Prompt: Transcribe the entries exactly; images are not part of the copy.

--- Source material Enclosed Below ---

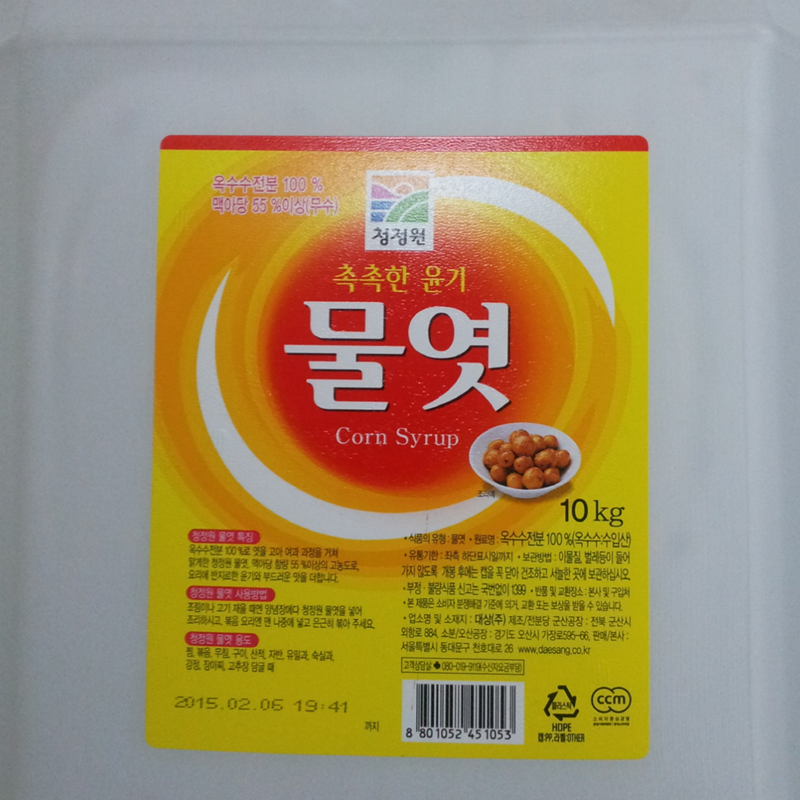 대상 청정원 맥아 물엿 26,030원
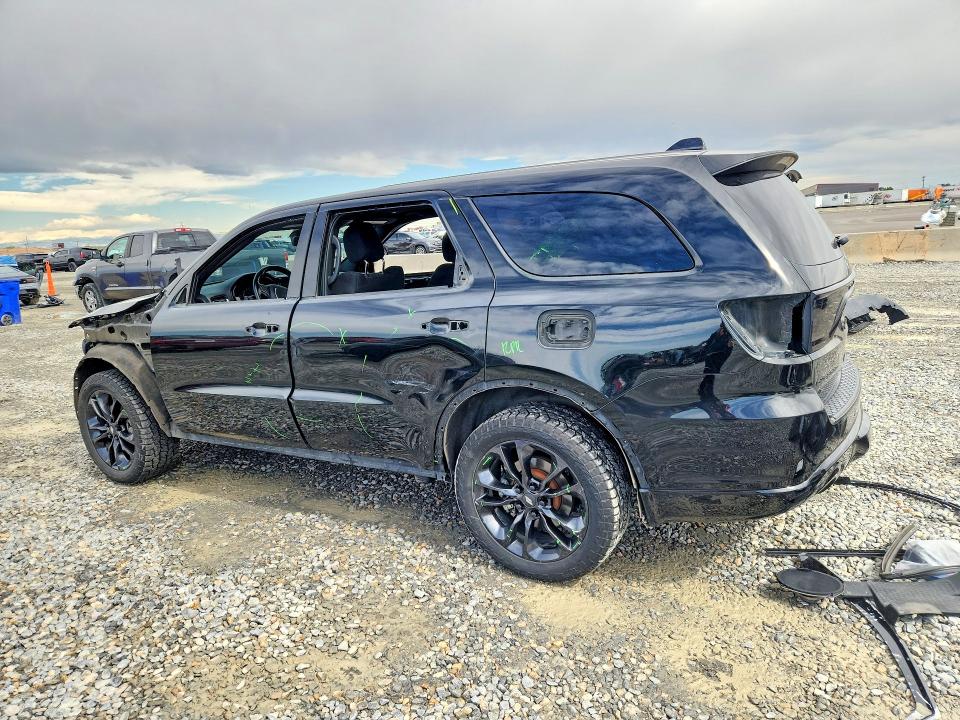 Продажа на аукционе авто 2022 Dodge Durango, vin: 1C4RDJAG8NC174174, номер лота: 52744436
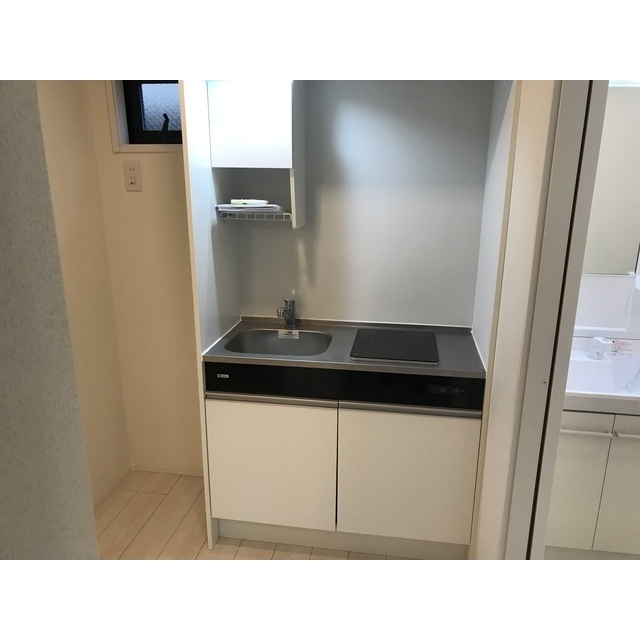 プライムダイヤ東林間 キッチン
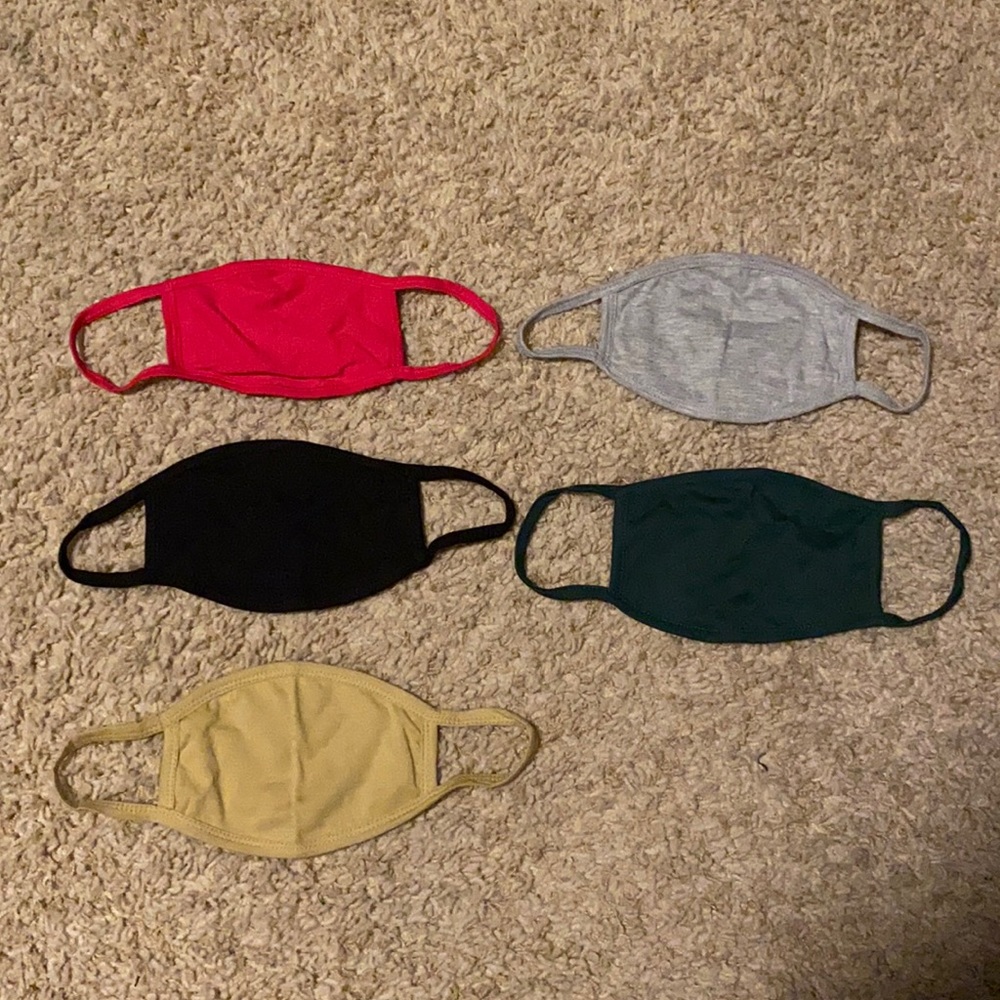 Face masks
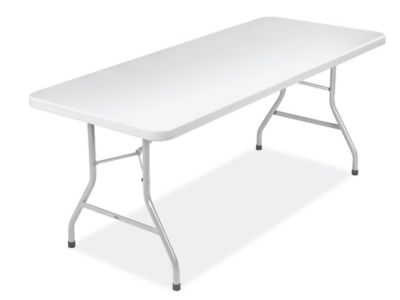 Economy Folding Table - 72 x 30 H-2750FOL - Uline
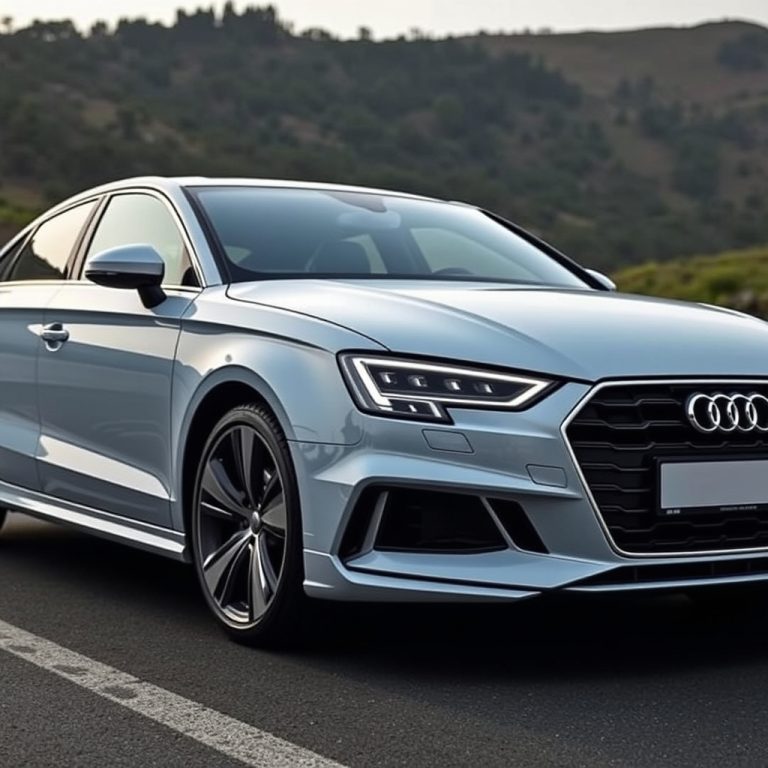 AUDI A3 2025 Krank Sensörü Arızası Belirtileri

--- End of Enclosed Source material ---

Solution to this problem:
 대상 청정원 맥아 물엿 26,030원
 Продажа на аукционе авто 2022 Dodge Durango, vin: 1C4RDJAG8NC174174, номер лота: 52744436
 プライムダイヤ東林間 キッチン
 Face masks
 Economy Folding Table - 72 x 30 H-2750FOL - Uline
 AUDI A3 2025 Krank Sensörü Arızası Belirtileri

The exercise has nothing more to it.